How to track the non reproducible bug in version 2.1

So, version 2.1 was crashing for quite a few users on startup. Obviously the app wasn’t crashing for me in any of my tests.

First line of defence when crashes happens is to ask the user what they were doing and try to replicate the same action to see if I can recreate the crash. But here they weren’t doing anything it wasn’t starting.

Second is to look for patterns in the crash. The first few users reporting the issue were all using an iPad. There are a few differences between the iPhone and the iPad, mainly that the iPad displays an activity detail at the same time as the activity list. This can result in some difference in logic and makes the startup on iPad marginally more prone to issues. This can lead to hard to reproduce bugs too as it is a function of the type of activity the user would load on startup (the last one downloaded)
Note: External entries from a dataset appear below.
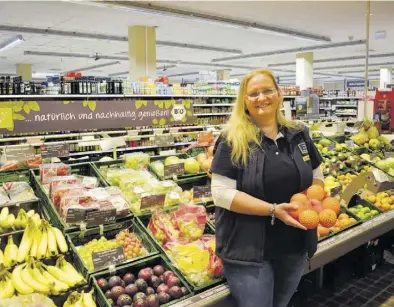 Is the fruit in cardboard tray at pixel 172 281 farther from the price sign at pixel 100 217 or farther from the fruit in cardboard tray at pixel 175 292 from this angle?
the price sign at pixel 100 217

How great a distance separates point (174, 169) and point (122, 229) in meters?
0.88

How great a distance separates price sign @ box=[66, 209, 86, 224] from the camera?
7.84ft

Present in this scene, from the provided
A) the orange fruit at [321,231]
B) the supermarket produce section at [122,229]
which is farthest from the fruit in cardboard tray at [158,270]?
the orange fruit at [321,231]

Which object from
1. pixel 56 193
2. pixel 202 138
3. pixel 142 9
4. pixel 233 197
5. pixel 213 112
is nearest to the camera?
pixel 233 197

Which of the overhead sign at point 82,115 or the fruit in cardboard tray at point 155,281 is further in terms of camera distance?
the overhead sign at point 82,115

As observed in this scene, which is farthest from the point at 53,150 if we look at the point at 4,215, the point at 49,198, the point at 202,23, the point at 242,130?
the point at 202,23

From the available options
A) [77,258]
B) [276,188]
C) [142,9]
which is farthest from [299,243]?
[142,9]

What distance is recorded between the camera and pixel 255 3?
808 cm

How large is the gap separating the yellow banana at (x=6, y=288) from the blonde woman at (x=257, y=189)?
40.6 inches

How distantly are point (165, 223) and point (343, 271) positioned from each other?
2033mm

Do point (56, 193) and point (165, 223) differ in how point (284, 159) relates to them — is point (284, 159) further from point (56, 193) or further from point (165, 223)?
point (56, 193)

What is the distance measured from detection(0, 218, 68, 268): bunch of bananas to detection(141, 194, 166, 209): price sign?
23.8 inches

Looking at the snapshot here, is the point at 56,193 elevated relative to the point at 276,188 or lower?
lower

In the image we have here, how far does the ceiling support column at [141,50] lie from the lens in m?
10.6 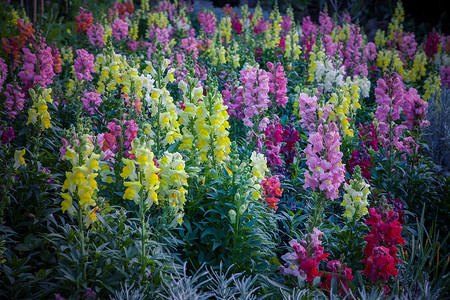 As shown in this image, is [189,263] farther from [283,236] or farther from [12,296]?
[12,296]

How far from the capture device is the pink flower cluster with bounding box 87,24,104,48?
7230mm

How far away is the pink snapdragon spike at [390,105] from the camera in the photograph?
4504 millimetres

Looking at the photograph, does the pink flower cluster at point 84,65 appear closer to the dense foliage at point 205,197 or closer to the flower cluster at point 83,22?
the dense foliage at point 205,197

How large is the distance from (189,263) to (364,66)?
5.20 metres

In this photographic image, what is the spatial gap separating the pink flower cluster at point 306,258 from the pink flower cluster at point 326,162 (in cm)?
54

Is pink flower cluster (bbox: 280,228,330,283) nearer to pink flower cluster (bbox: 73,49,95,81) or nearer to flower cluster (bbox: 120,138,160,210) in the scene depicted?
flower cluster (bbox: 120,138,160,210)

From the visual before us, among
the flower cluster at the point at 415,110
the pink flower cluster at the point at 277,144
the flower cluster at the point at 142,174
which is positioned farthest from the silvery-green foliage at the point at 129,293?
the flower cluster at the point at 415,110

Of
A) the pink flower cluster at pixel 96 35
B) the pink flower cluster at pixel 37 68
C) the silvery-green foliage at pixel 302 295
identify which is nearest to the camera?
the silvery-green foliage at pixel 302 295

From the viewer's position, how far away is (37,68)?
15.3 feet

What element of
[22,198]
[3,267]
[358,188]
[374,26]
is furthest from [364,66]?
[374,26]

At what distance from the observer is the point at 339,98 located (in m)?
4.81

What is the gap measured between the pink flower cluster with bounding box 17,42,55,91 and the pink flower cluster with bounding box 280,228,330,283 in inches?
138

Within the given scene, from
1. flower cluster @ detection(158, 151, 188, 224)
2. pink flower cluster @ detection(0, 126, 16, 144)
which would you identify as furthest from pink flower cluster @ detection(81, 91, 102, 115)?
flower cluster @ detection(158, 151, 188, 224)

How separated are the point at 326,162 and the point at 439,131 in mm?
3141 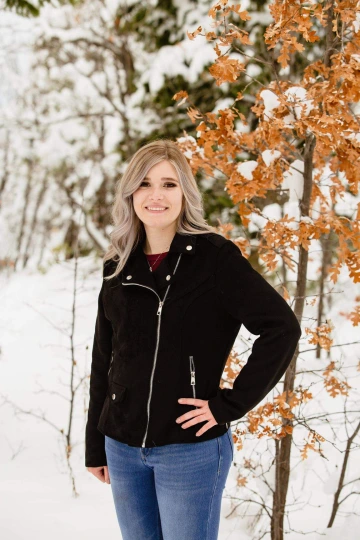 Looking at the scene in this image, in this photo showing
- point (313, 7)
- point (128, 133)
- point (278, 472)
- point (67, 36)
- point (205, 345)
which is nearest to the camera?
point (205, 345)

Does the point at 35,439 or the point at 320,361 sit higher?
the point at 320,361

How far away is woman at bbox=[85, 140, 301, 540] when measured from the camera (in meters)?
1.71

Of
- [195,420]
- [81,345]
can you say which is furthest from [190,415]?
[81,345]

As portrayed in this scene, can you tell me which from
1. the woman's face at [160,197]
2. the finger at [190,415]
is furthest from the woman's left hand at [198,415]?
the woman's face at [160,197]

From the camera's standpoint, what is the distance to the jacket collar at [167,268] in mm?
1836

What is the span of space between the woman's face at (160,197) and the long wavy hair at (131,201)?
0.8 inches

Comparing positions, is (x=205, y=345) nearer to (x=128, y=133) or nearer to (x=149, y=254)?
(x=149, y=254)

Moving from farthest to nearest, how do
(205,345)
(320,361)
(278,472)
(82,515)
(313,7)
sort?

Another help is the crash report from apple. In this case, they were very few and reporting crash in location that are not triggered at start up or inside apple libraries. So not helpful to pinpoint the problem.

Some users affected by the issue kindly sent me their activity data so I could try to see if the problem was linked to their specific activities data. It wasn’t, I could start the app with their data fine.

This leaves one other possibility, a thread concurrency issue. This can be really random, and a function of both the speed of the hardware and the exact activities you have. ConnectStats is quite multi-threaded to try to keep the app responsive as many calculations are performed in parallel. So it is possible that some of this parallel activity result in a collision or some instructions run too early (when required data is not ready).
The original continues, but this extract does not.